小林薫のほうは、弟もいて、弟はどうやら全うに育っているらしい。小林は、父親の扱いに弟へのえこひいきみたいなものを感じていた節はある。著者の面会要請に、弟は会いたくないと言ったそうで、その気持ちはわかる。
ピュアすぎるというのは精神的な弱さだけれど、小林の場合は、社会規範を守るという意識があまりないし、幼女へのいたずらにしても、まともにものを考えていないというか、つかまったらまずい、という意識が無いのだ(過去に、何回か捕まっているのに)。まあ、どうなってもいいや、いっそ死んじゃった方が良いかな、みたいに思っているだけだ。
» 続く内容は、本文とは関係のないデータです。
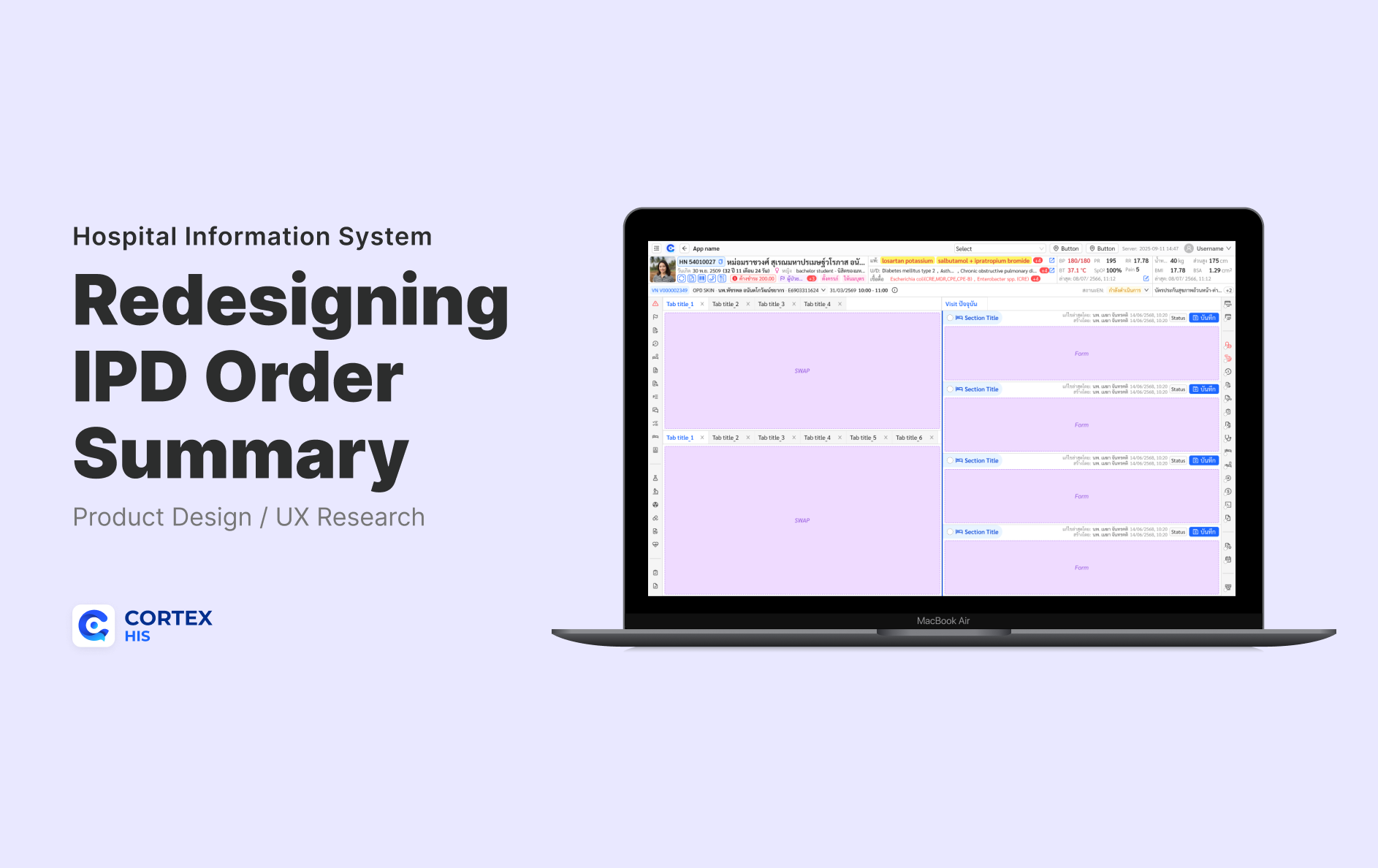 Patient App — layout and navigation overhaul, mobile screens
紹介されている言動や手紙などを読んでも、どこか精神的に病んでいると思われるのだが、そうすると、結局、精神的に欠陥があるのだから、我々がまともに動機だとかを考えても始まらない、もともと危ないやつなのだから死刑に処してしまえばそれで良いのだ、という論法が出てくる可能性もある。もちろんそれは、我々自身の『思考停止』にすぎないのは、著者が最後で言っているとおりである。